Segment Start: Data to examine

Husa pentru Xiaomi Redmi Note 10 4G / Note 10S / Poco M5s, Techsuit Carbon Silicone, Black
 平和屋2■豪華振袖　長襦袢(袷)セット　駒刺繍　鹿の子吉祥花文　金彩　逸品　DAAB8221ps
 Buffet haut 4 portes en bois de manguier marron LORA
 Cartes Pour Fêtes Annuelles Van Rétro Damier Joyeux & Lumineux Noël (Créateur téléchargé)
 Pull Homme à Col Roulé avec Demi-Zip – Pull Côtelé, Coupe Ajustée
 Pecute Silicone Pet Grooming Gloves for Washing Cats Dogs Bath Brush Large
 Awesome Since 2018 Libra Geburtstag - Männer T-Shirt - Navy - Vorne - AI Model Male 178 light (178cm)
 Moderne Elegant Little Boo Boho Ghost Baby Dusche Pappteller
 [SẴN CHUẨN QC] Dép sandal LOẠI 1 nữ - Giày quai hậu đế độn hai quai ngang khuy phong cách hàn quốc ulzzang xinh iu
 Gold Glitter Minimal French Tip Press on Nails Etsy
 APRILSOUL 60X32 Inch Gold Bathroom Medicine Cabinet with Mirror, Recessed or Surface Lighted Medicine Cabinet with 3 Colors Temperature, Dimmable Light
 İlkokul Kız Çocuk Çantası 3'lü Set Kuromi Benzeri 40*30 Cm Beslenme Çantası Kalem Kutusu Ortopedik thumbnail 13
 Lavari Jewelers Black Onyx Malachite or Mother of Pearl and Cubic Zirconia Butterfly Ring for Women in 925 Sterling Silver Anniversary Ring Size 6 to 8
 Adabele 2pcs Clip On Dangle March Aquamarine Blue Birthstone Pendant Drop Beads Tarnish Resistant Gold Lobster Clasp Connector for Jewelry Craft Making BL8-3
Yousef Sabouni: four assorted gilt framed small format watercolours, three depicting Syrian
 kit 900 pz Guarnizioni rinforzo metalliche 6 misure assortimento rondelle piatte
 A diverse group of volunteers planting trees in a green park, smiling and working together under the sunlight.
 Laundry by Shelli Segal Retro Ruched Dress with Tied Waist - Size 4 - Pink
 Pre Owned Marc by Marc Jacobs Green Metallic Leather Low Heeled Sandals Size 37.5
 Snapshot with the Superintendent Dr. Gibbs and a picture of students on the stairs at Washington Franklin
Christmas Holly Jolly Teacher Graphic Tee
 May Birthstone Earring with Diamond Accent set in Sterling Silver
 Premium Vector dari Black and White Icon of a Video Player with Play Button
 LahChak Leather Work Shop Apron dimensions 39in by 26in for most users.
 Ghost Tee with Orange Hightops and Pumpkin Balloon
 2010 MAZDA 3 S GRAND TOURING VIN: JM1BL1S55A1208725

Segment End: Data to examine

» **Brief**: Print, without alteration, only the lines above between the one holding "APRILSOUL 60X32 Inch" and the one holding "kit 900 pz Guarnizioni", inclusive.

» **Output**:
 APRILSOUL 60X32 Inch Gold Bathroom Medicine Cabinet with Mirror, Recessed or Surface Lighted Medicine Cabinet with 3 Colors Temperature, Dimmable Light
 İlkokul Kız Çocuk Çantası 3'lü Set Kuromi Benzeri 40*30 Cm Beslenme Çantası Kalem Kutusu Ortopedik thumbnail 13
 Lavari Jewelers Black Onyx Malachite or Mother of Pearl and Cubic Zirconia Butterfly Ring for Women in 925 Sterling Silver Anniversary Ring Size 6 to 8
 Adabele 2pcs Clip On Dangle March Aquamarine Blue Birthstone Pendant Drop Beads Tarnish Resistant Gold Lobster Clasp Connector for Jewelry Craft Making BL8-3
Yousef Sabouni: four assorted gilt framed small format watercolours, three depicting Syrian
 kit 900 pz Guarnizioni rinforzo metalliche 6 misure assortimento rondelle piatte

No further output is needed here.